## THE PROBLEM
Find the line with "Graphic Tee to" in the records below. Copy it and every line after it, up to and including the line with "sweetheart coloring page for valentine".

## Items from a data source
++++++++++++++++++++

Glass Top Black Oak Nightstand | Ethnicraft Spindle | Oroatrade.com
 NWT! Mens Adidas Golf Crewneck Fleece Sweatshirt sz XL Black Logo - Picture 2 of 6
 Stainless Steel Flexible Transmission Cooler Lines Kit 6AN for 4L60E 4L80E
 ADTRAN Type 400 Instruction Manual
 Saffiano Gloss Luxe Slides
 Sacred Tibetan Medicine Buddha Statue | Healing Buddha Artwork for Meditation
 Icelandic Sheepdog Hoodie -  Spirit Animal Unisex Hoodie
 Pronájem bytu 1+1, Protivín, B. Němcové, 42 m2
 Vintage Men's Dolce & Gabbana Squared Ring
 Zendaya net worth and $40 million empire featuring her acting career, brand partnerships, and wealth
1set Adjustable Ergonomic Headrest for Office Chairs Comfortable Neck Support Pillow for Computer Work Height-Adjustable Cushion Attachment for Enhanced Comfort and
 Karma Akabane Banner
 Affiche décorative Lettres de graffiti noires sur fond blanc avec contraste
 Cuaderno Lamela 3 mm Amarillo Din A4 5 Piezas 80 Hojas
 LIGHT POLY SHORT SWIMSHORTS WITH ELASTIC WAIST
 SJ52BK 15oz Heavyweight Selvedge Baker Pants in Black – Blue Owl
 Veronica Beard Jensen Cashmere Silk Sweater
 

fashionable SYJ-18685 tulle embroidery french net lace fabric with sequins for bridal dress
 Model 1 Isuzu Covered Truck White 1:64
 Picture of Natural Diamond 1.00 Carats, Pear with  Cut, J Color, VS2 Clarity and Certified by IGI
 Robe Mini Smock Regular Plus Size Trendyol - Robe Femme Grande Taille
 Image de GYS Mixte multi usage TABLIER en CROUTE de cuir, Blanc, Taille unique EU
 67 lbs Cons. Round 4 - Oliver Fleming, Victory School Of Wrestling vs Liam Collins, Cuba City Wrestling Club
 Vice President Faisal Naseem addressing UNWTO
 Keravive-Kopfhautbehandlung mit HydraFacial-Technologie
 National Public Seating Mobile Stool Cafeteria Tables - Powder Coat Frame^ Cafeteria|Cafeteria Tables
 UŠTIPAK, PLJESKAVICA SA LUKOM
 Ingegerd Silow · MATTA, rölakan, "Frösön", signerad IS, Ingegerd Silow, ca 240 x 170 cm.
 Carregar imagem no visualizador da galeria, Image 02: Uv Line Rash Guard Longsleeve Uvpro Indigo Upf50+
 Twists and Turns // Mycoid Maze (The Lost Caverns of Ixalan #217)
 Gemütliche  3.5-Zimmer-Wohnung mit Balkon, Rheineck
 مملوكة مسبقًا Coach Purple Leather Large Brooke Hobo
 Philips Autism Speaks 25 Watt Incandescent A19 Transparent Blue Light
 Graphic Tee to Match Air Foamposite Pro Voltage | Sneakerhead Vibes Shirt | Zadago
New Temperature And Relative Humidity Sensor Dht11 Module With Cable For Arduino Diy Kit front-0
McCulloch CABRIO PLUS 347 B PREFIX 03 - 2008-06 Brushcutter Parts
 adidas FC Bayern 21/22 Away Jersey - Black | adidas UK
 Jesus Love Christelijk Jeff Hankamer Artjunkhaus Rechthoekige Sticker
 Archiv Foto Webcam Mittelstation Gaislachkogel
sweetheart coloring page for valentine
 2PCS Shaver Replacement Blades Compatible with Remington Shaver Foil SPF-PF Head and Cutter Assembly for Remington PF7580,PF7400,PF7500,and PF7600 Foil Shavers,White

++++++++++++++++++++

## ANSWER FOR THIS EXERCISE
 Graphic Tee to Match Air Foamposite Pro Voltage | Sneakerhead Vibes Shirt | Zadago
New Temperature And Relative Humidity Sensor Dht11 Module With Cable For Arduino Diy Kit front-0
McCulloch CABRIO PLUS 347 B PREFIX 03 - 2008-06 Brushcutter Parts
 adidas FC Bayern 21/22 Away Jersey - Black | adidas UK
 Jesus Love Christelijk Jeff Hankamer Artjunkhaus Rechthoekige Sticker
 Archiv Foto Webcam Mittelstation Gaislachkogel
sweetheart coloring page for valentine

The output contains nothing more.